# What to work on
Your task is to transcribe, without alteration, the lines from the top of the material below through the line bearing "Abdominal Imaging, 1St Edition", inclusive.

——————————

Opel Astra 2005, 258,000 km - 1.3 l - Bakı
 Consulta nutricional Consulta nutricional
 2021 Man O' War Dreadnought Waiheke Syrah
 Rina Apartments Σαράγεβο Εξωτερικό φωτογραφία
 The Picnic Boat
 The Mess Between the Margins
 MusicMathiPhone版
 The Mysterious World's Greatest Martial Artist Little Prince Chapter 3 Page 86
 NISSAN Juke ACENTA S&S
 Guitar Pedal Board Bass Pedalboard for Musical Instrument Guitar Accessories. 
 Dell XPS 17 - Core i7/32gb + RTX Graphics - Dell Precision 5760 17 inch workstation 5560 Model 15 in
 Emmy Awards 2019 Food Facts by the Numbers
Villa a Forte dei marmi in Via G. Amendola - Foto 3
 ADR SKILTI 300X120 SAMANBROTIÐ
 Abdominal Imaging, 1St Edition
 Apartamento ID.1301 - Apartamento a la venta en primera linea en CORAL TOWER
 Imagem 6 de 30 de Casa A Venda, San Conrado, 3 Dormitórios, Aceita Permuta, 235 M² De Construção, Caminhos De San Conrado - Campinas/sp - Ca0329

——————————

# Task result
Opel Astra 2005, 258,000 km - 1.3 l - Bakı
 Consulta nutricional Consulta nutricional
 2021 Man O' War Dreadnought Waiheke Syrah
 Rina Apartments Σαράγεβο Εξωτερικό φωτογραφία
 The Picnic Boat
 The Mess Between the Margins
 MusicMathiPhone版
 The Mysterious World's Greatest Martial Artist Little Prince Chapter 3 Page 86
 NISSAN Juke ACENTA S&S
 Guitar Pedal Board Bass Pedalboard for Musical Instrument Guitar Accessories. 
 Dell XPS 17 - Core i7/32gb + RTX Graphics - Dell Precision 5760 17 inch workstation 5560 Model 15 in
 Emmy Awards 2019 Food Facts by the Numbers
Villa a Forte dei marmi in Via G. Amendola - Foto 3
 ADR SKILTI 300X120 SAMANBROTIÐ
 Abdominal Imaging, 1St Edition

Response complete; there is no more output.